With Lu-Ve’s global production running at around 50% capacity, CEO Matteo Liberali has criticised the lack of a coordinated adoption of shared measures to deal with the Covid-19 emergency.
Hopes that production could be restarted at Lu-Ve’s factories in Italy and India, laws forcing their closure have now been extended to at least April 13.
“As was unfortunately foreseeable, the emergency linked to the notorious COVID 19 has progressively spread across the world, leading to the adoption of increasingly drastic measures in different countries,” Matteo Liberali states in an open letter on the company’s website.
“It is sad to note that once again what I had hoped for was missing; coordination at least at the European Union level in the adoption of timely and shared measures to deal with the current emergency, instead of actually creating the conditions for the further spread of the virus and at the same time causing confusion and unequal treatment and the possibility of competing between companies from different countries.”
In Italy, Lu-Ve has one production line operating dedicated to machines for the hospital sector and shipments of ready-made products in stock and spare parts.
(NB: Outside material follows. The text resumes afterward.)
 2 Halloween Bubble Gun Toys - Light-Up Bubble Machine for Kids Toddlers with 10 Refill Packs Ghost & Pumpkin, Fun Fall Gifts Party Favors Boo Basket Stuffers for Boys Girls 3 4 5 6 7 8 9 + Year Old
Lu-Ve has also requested permissions for a partial reopening of other production lines in response to requests it claims to have received from customers active in strategic sectors.
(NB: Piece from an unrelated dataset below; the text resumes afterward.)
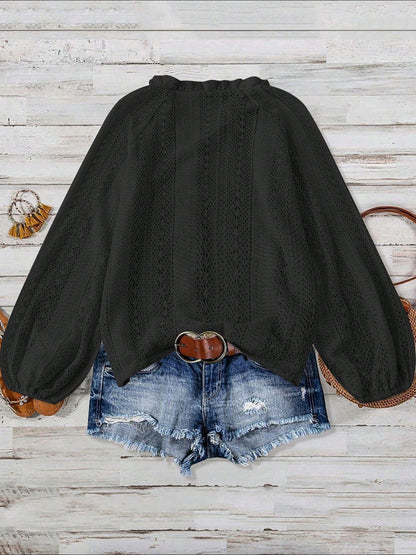 Solid Color Long Sleeves Knitted Sheer Crochet Blouse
After six working days of “lock down”, the company’s factory in Russia is due to reopen on April 7, following the inclusion of the refrigeration chain among activities considered strategic.
The Chinese plant in Tianmen, Hubei, gradually restarted production from March 13, after a one-month closure. The group’s other foreign plants, in Finland, Poland, the Czech Republic, Sweden and the USA, are currently operational, but is aware that various local authorities may take increasingly restrictive measures to counter the expansion of the Covid-19 epidemic.
Overall, Lu-Ve estimates its group production capacity to date in lock down at around 50-55%. A potential supply problem has been mitigated by the fact that some important customers have also stopped production, thus allowing a delay on the delivery of some orders. Lu-Ve has also been able to transfer some production from the closed factories to those in operation.